Headlines are supposed to highlight the news, but sometimes the news is uncomfortable. Like the sexual abuse cases for the Roman Catholic Church. Avvenire, the daily newspaper of the Italian Catholic bishops’ conference, played down the big news in its front-page headline on Saturday about an interview with the head of the Vatican office dealing with charges of sexual abuse against priests.
In the middle of the front page (at left), it ran the headline “Il ‘pm’ vaticano: in tutto il mondo trecento i preti accusati di pedofilia.” — Vatican public prosecutor: 300 priests accused of pedophilia in the whole world.” That actually doesn’t sound like that many, given all the cases we’ve heard about all these years.
It’s only in the interview on page 5 that the real picture emerges. There the reader finds a much larger figure of 3,000 accusations of sexual misdeeds of all kinds made against priests since 2001, concerning cases dating back up to 50 years ago. That sounds more like it, although it still must be lower than the real number of cases because so many don’t get reported.

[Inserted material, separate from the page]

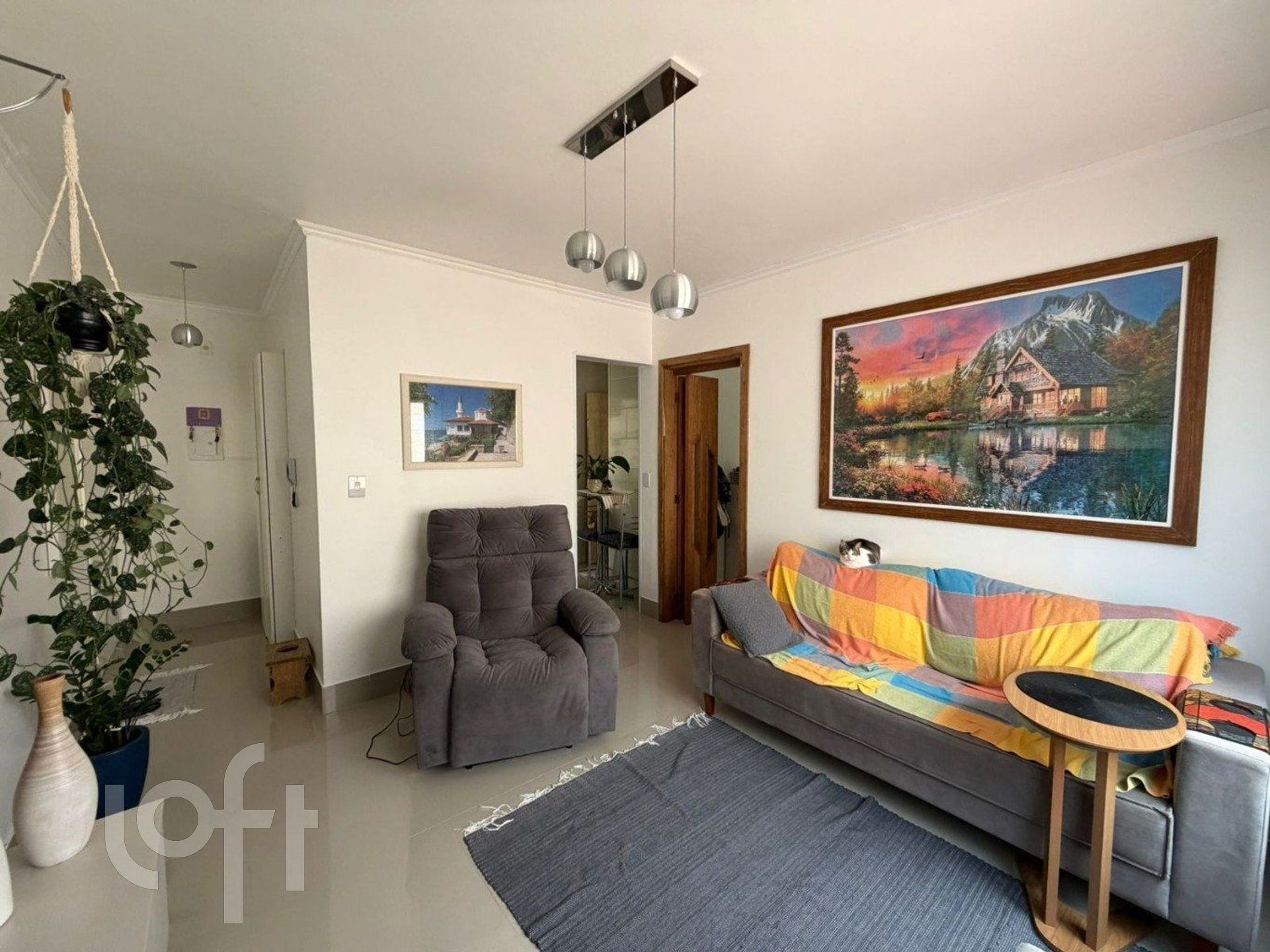 Imagem da propriedade 4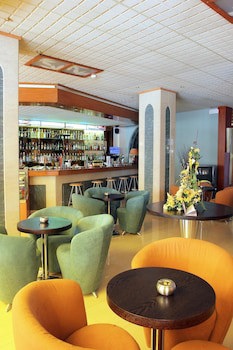 Lydia Hotel fotoğrafı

Msgr. Charles Scicluna, the “promoter of justice” for the Congregation for the Doctrine of the Faith, broke down this large figure into three categories — cases of pedophile and same-sex ephebophile acts and cases of heterosexual acts. Some 60% of the cases were ephebophile (with adolescents), 30% were heterosexual (with adolescent and adult females) and 10% were pedophile (with prepubescent children).
So which figure got highlighted on the main page? The smallest, of course. This is all the more interesting because the the news shorthand for these cases tends to use words like pedophile or children. By ignoring the majority of cases that concern adolescents, the Avvenire headline makes it all seem less of a problem than it is.